Kenai claimed a profit of about $66,000 thanks to dipnet parking, camping, drop-off, boat launch and other fees last year, and it hopes to make about $64,000 this year.
That hope could now be in danger. The money flows when the cars and trucks line up on Spruce Street waiting to pay to park as space becomes available in a beach side parking lot, or pay to drive down to the beach and drop off fishermen.
The lines form when the fish run, and the money follows. It has not been working out so well so far this year.
Upriver from the beach, an Alaska Department of Fish and Game sonar tallied the entry of just over 16,000 sockeye into the river over the weekend. When the fish are running strong, three times as many will show up in a single day.
The hundred or so dipnetters who showed to fish Saturday took solace in the fact the season is still early.
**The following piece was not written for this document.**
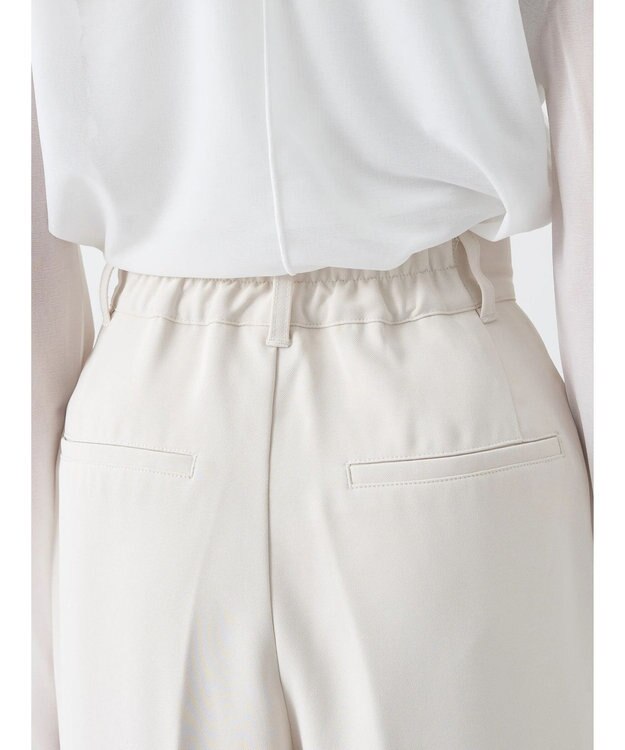 earth music&ecology タックストレートパンツ Ecru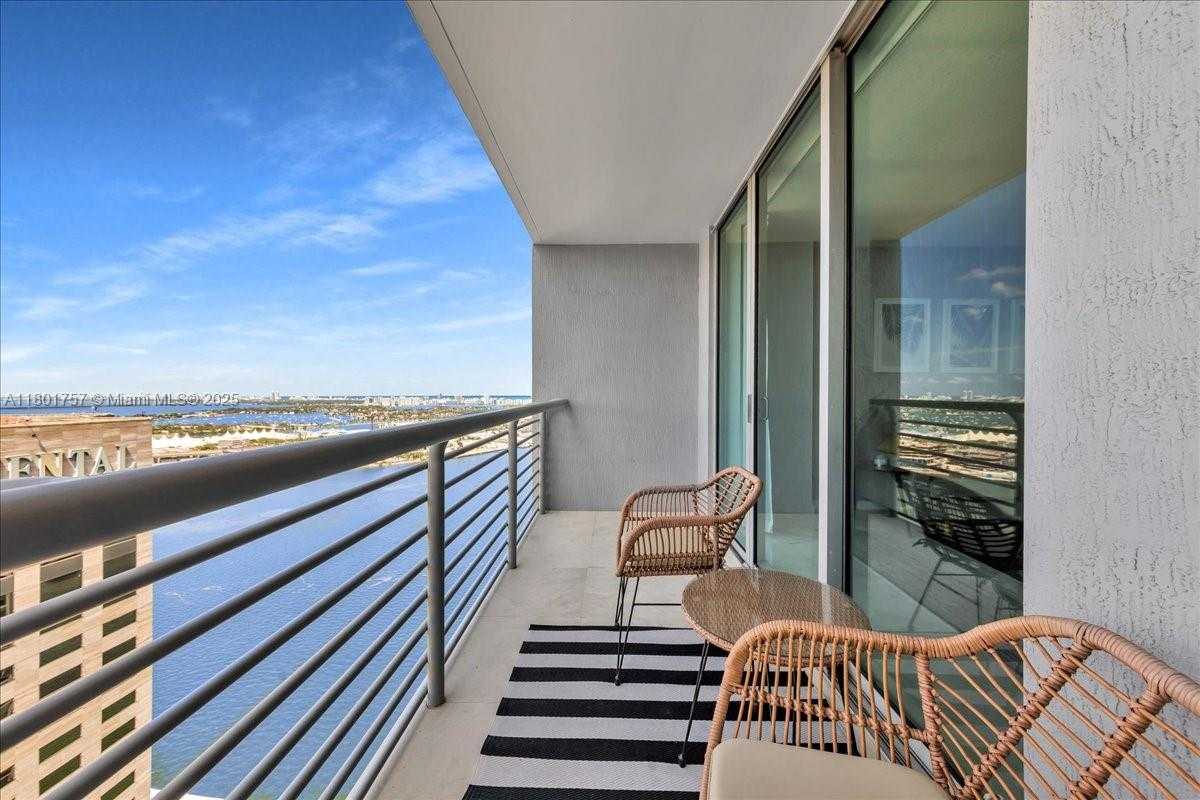Small Image of 335 SOUTH BISCAYNE BLVD #4000, Miami Number 16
Some hoped the fishing would get better Sunday.
It didn’t. And Monday looked even worse.
Far upriver, a few anglers roaming the Kenai in search of fishing opportunities with rod and reel reported finding the occasional school of sockeye that made for decent fishing, but the number of the fish in the river – 106,000, according to the sonar – was low by Kenai standards.
You had to go back to 2011 to find a July 15 with so few fish in the river, and that year Fish and Game knew there were a lot of sockeye holding offshore in Cook Inlet for unknown reasons. They arrived on July 17.
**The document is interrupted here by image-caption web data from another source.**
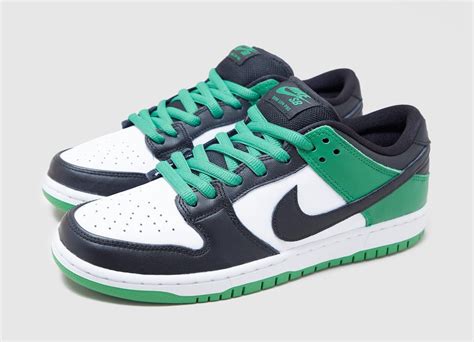 nike dunks pine green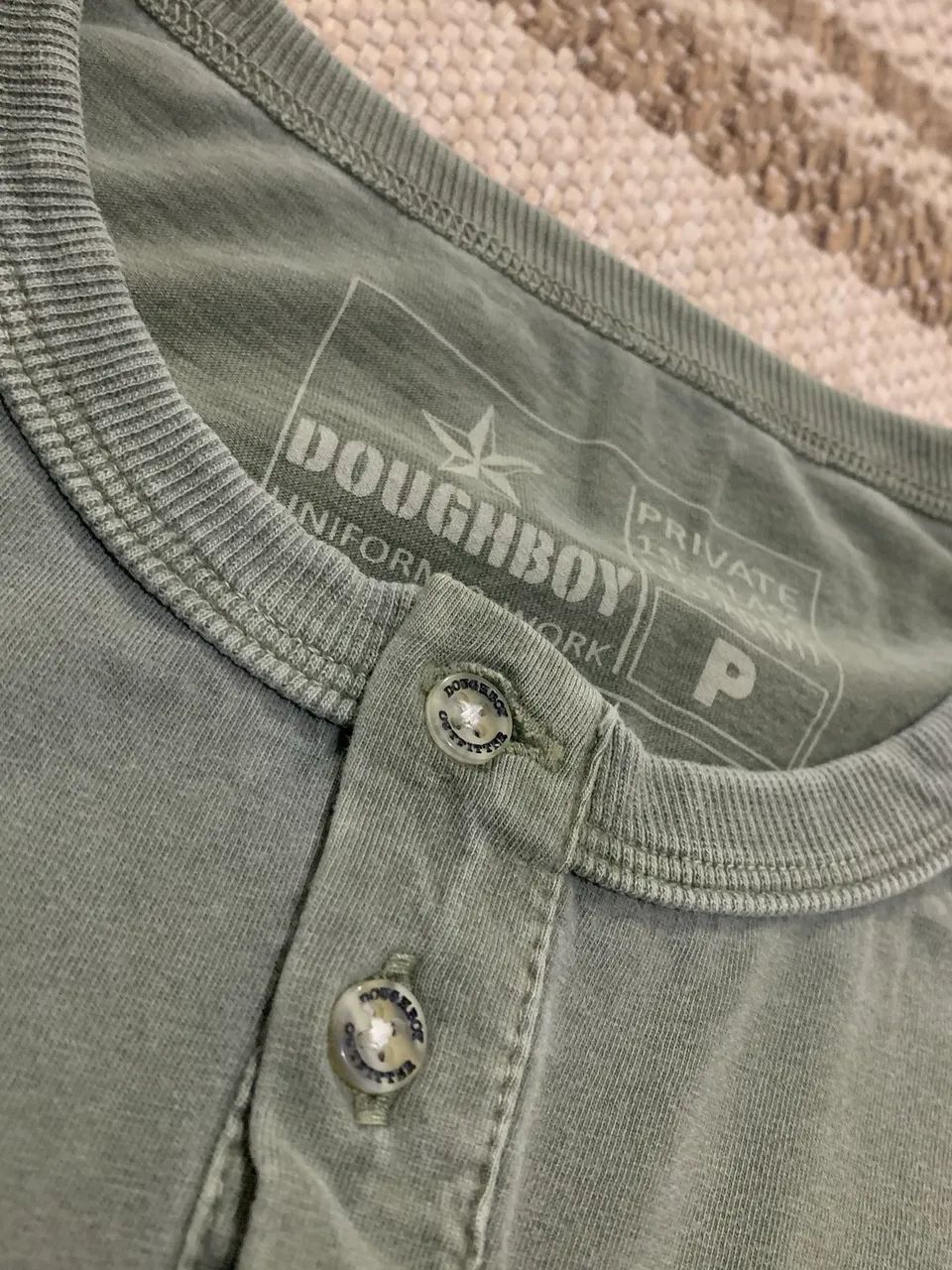Camiseta Henley Doughboy - Foto 2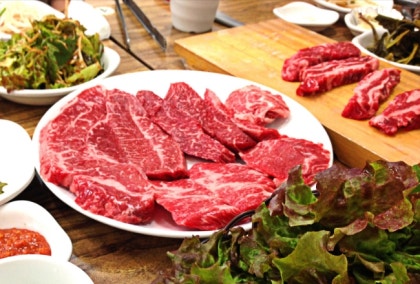 [국물이 진하고 고기가 듬뿍 들어있는 자양에 적합한 포항곰탕 맛집 짜짜응곰탕]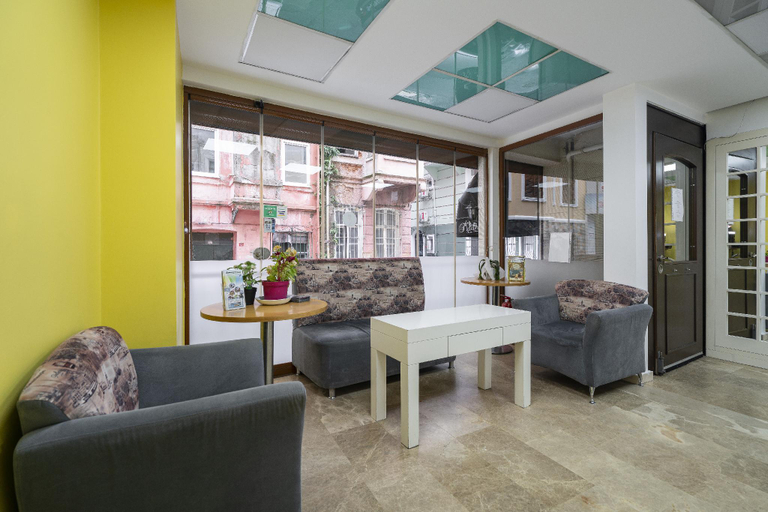 Public Area 2, Fidan Aparts, Beyoğlu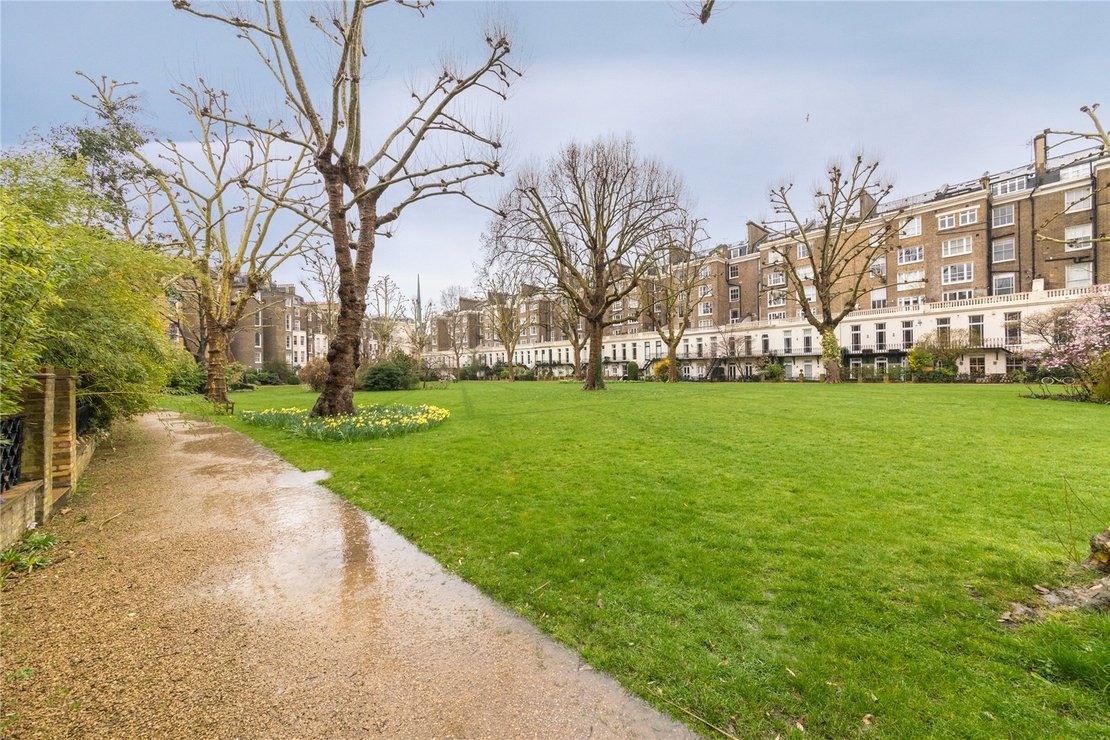 2 bedroom Flat for sale in Randolph Crescent-view6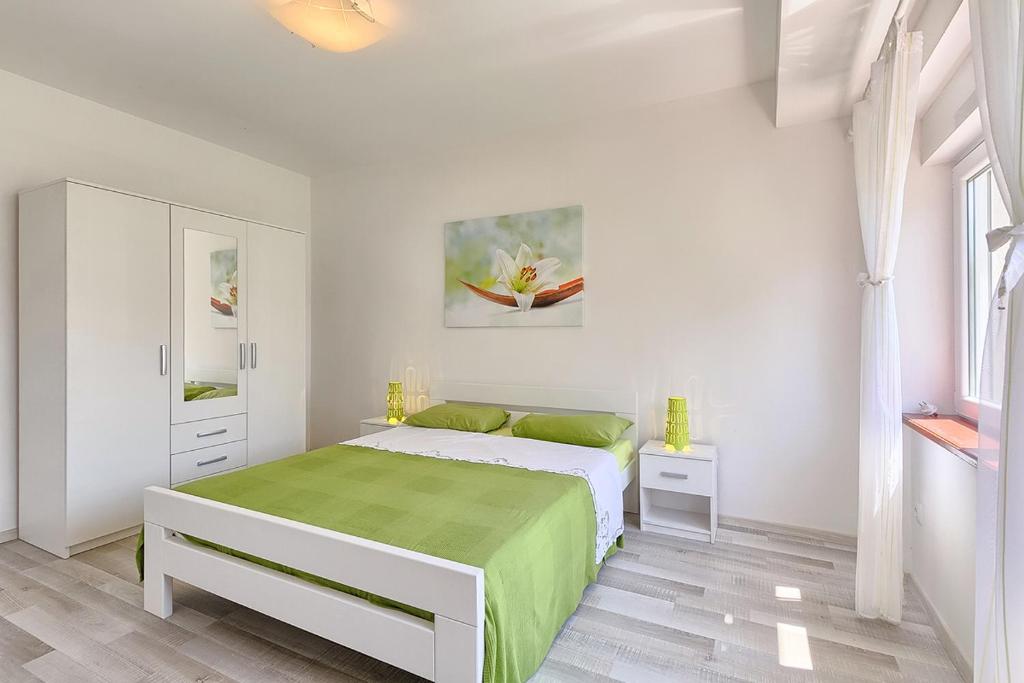 Postel nebo postele na pokoji v ubytování Im Jahr 2014 renoviertes Ferienhaus 400 Meter zum Strand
More than 230,000 salmon passed the sonar counter on that one day. Another 117,000 plugged the river the next day. There were sockeye bank to bank.
Unfortunately, there is no indication of a replay this year. An offshore test fishery that probes lower Cook Inlet for incoming salmon has been posting low numbers. They are so low commercial fisheries around the mouth of the river have been restricted.
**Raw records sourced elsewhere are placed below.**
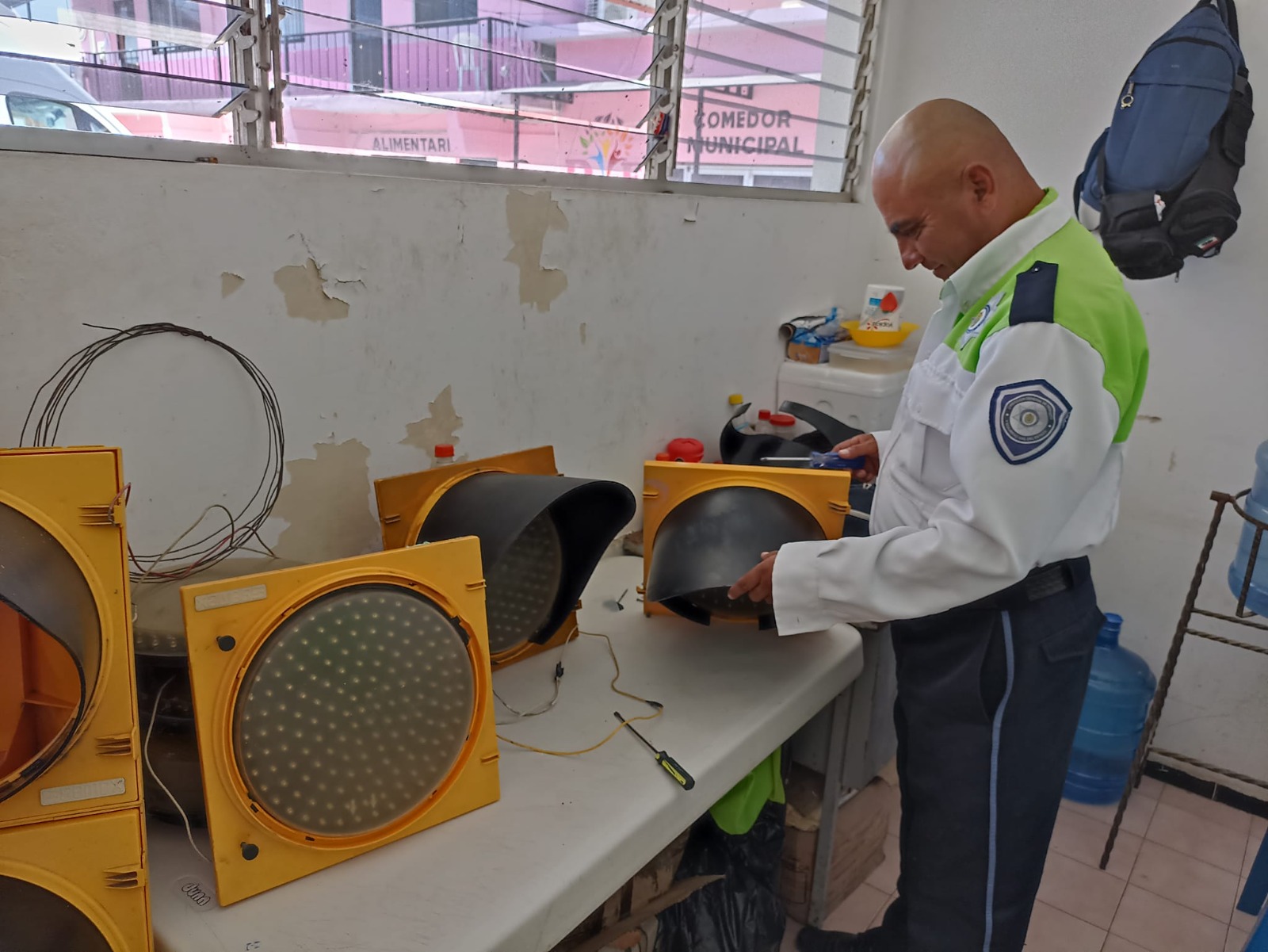 ¡Reparaciones en curso! El semáforo de Naranjos, Veracruz, en mantenimiento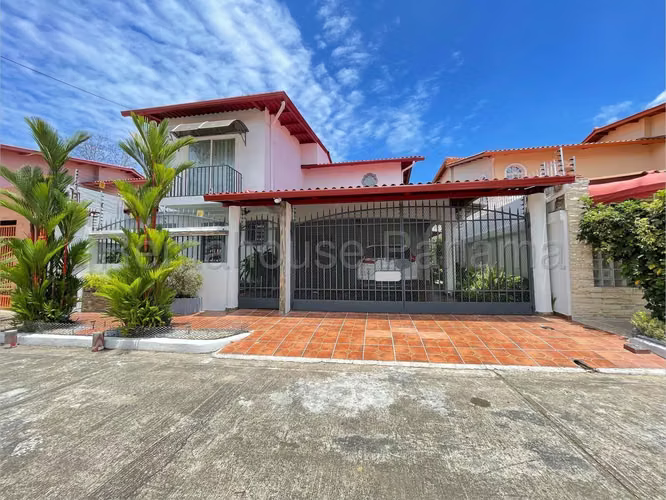 Venta De Casa En Villa Zaita KC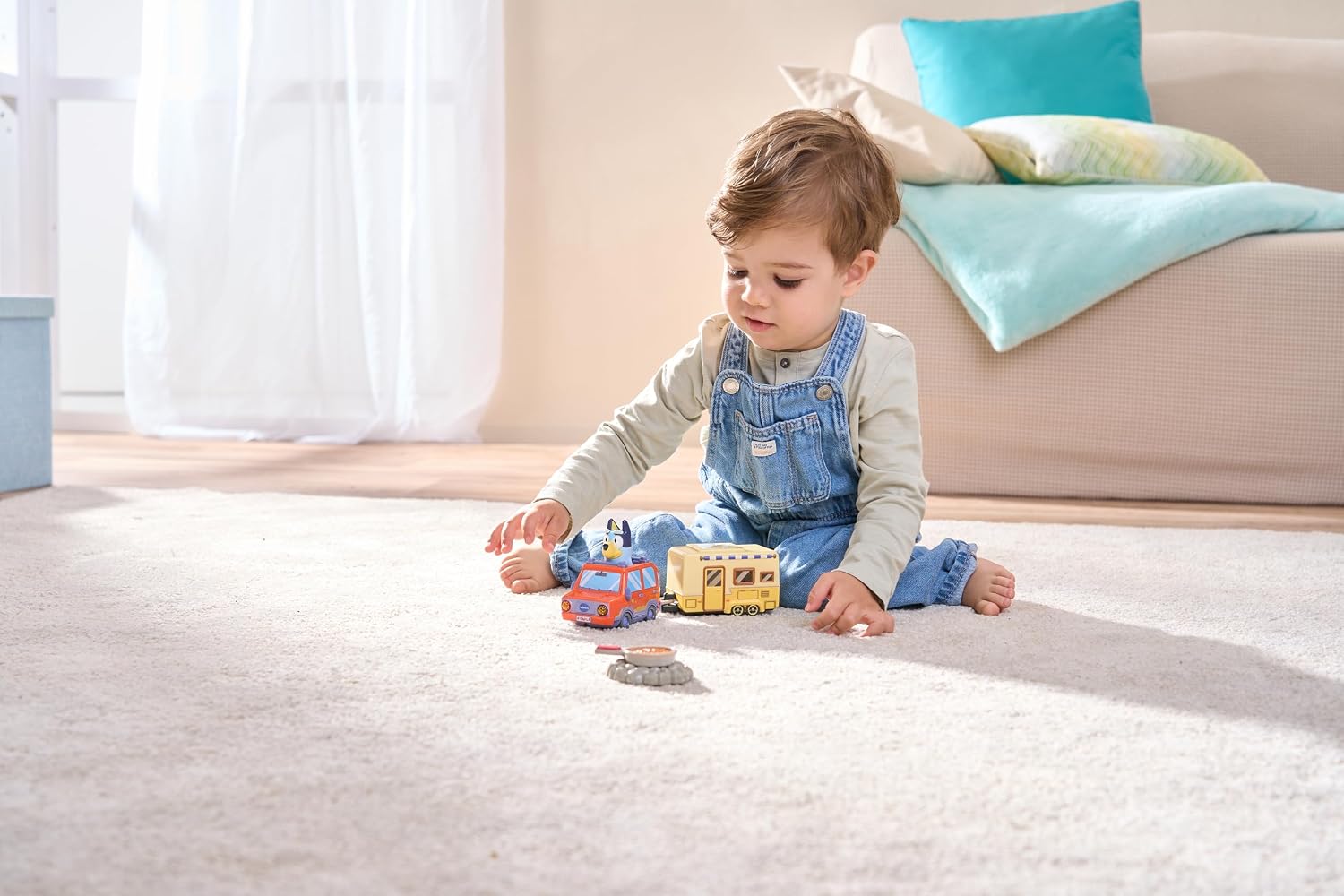 VTech Toot Toot  Bluey Family Car And Caravan Set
A chart fisheries consultant Ray Beamesderfer prepared for the Kenai River Sportfishing Association (KRSA) shows the sockeye return now tracking below the lower, in-river goal of 1 million sockeye.
And then there are the Chinook – the big king salmon of legend in the river home to a world record fish of 97-pounds, 4 ounces. It was caught in 1985.
So much time has passed since that fish was landed it seems to have been in a different era. Lucky angler Les Anderson of Soldotna is long gone, though his legend lives on. His 2003 obituary described him as “the man known to many for making Soldotna famous.”
By the time he died, big kings were already disappearing from the Kenai. The Alaska Board of Fisheries ordered a slot-limit to protect most of them thinking that a size-selective harvest might be driving the size of the biggest fish downward.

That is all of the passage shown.